The Waste Book and Newton's other early papers contain many examples of his analysis of problems in dynamics, but the three solutions considered in this chapter are representative of his initial techniques. Before 1669, Newton had set out the three major methods of dynamical analysis that he employed in his more mature dynamics after 1679. First, the polygonal approximation that he developed in 1665 to determine the nature of circular motion in the Waste Book , he later used in his demonstration of the generalized nature of Kepler's law of uniform area following 1679. Second, the parabolic approximation that he developed before 1669 in the tract On Circular Motion , he later used in his general theorem for solving direct problems in the 1684 tract On Motion . Finally, the circular approximation that he alluded to in his statement of late 1664 or early 1665, may have been used to obtain solutions now lost. In any event he employed it in 1690 (or perhaps as early as 1684) as an alternate type of solution for direct problems.

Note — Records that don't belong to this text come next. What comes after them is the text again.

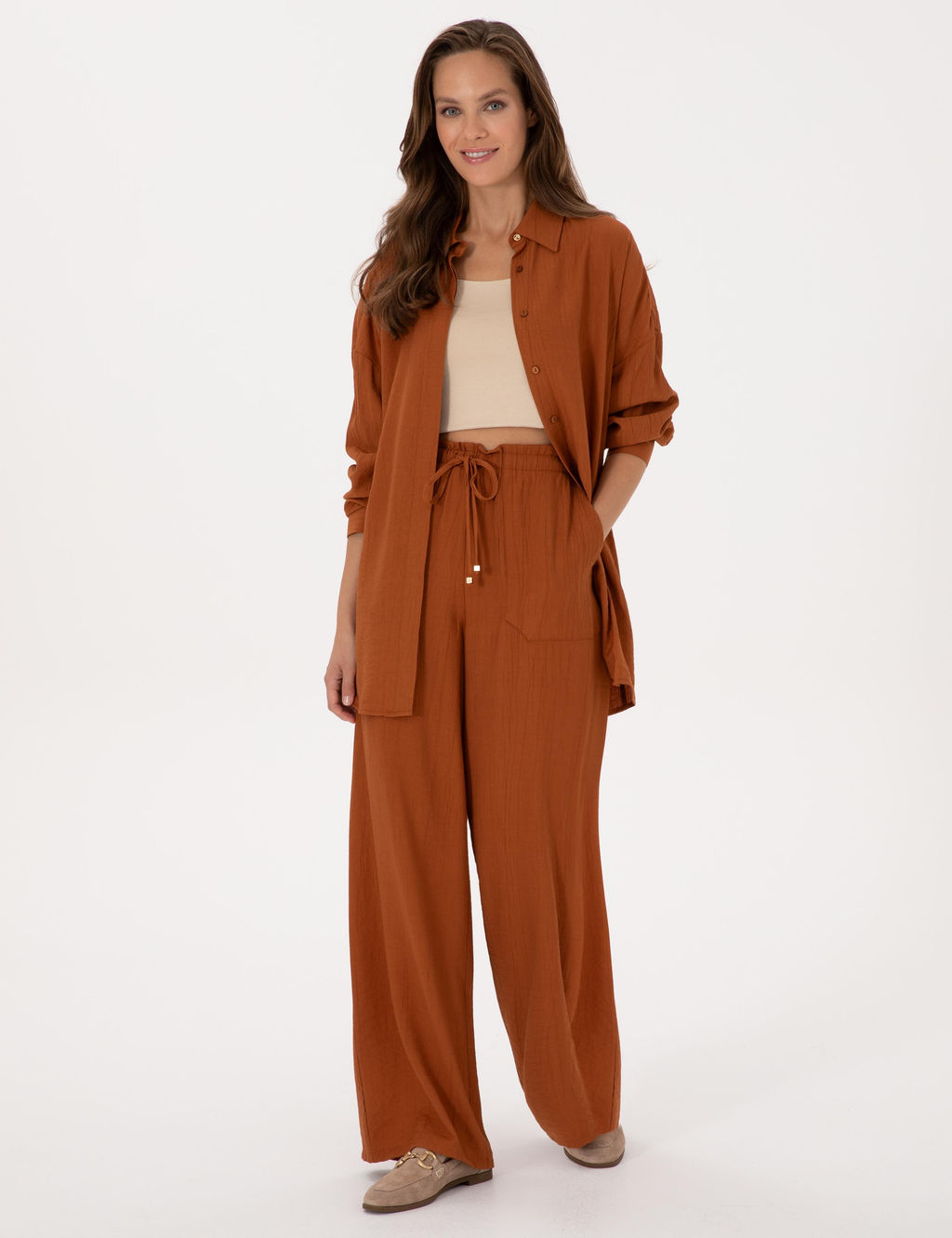 Tar__n Oversize Uzun Kollu G_mlek - Pierre cardin фото 4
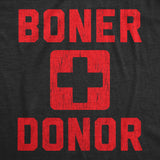 Mens Boner Donor Tshirt Funny Sarcastic Sex Erection Graphic Novelty Tee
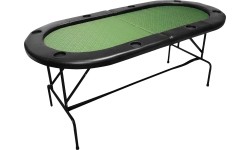 Stół do pokera Oval 2-Way Folding 180x90cm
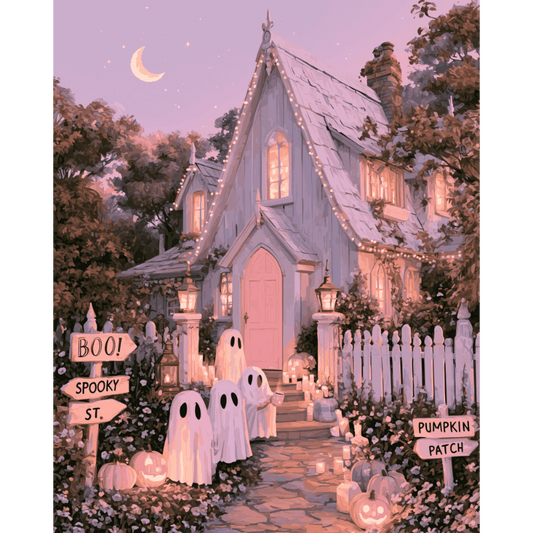 Haunted Victorian House | Paint by Number - Paint by numbers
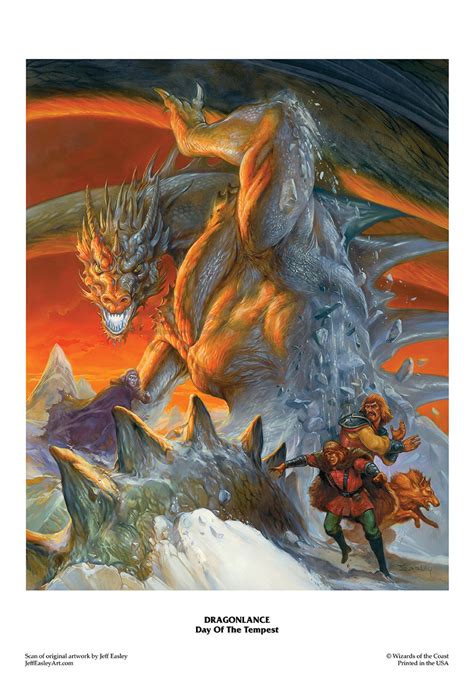 Jeff Easley Dragonlance Day Of The Tempest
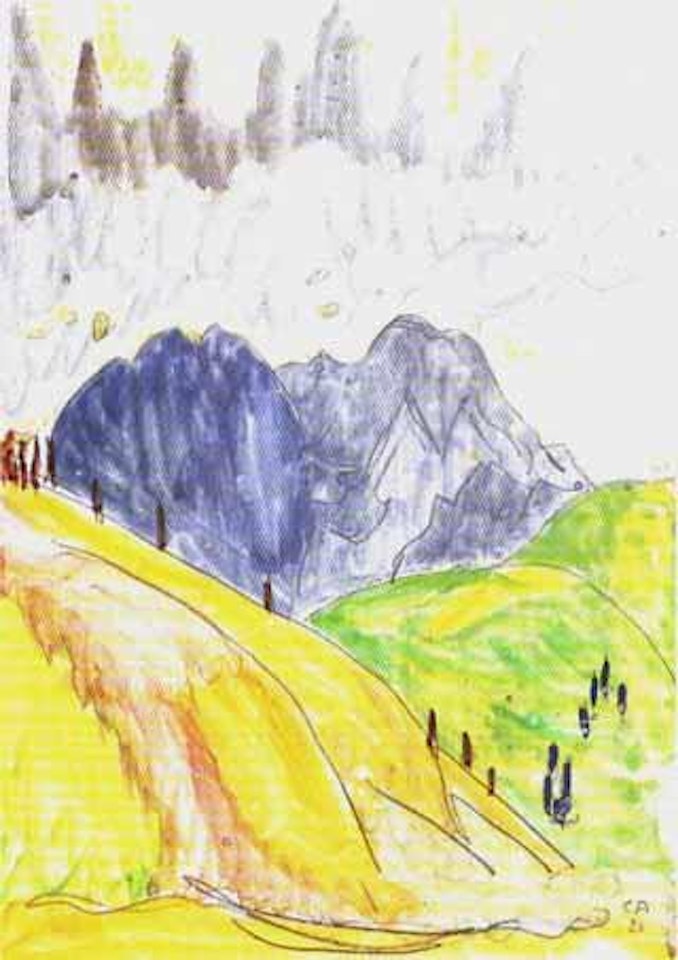 Mountain landscape by Cuno Amiet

All of these techniques were unique to Newton but had their roots in the work of Galileo and Descartes. Newton began with the idealized rectilinear kinematics of Galileo and the terrestrial collisional dynamics of Descartes and from them fashioned three techniques of solving the problems of celestial motions. It is important to remember this dynamic simplicity amid the mathematical complexity of Newton's presentation.

To proceed further with the solution of the Kepler problem of elliptical orbits, one must obtain an expression for noncircular motion that relates the time in orbit to the spatial parameters. The expression that served for the special case of uniform circular motion was obtained from the property of equal angles in equal time and by the relationship between the period and the circumference. Following his correspondence with Robert Hooke in 1679, Newton demonstrated that for any force directed toward a given center the radius from the center to the general orbit sweeps out equal areas in equal times. That demonstration, it has been argued, finally

prompted Newton to question and to renounce Decartes's theory of a mechanical celestial vortex as a source of gravitational force. Following his early analysis of uniform circular motion discussed in this chapter, however, Newton appears not to have actively pursued a solution for the direct Kepler problem, other than the reference to the use of curvature. For the next decade, from 1669 to 1679, he was preoccupied with subjects other than dynamics. Thoughts mathematical, optical, theological, and alchemical concerned him, and his interest in the dynamics of the motion of bodies, both terrestrial and celestial, lay fallow until 1679, when he was prompted by correspondence from Robert Hooke to reflect once again upon the nature of the force required to maintain elliptical orbits.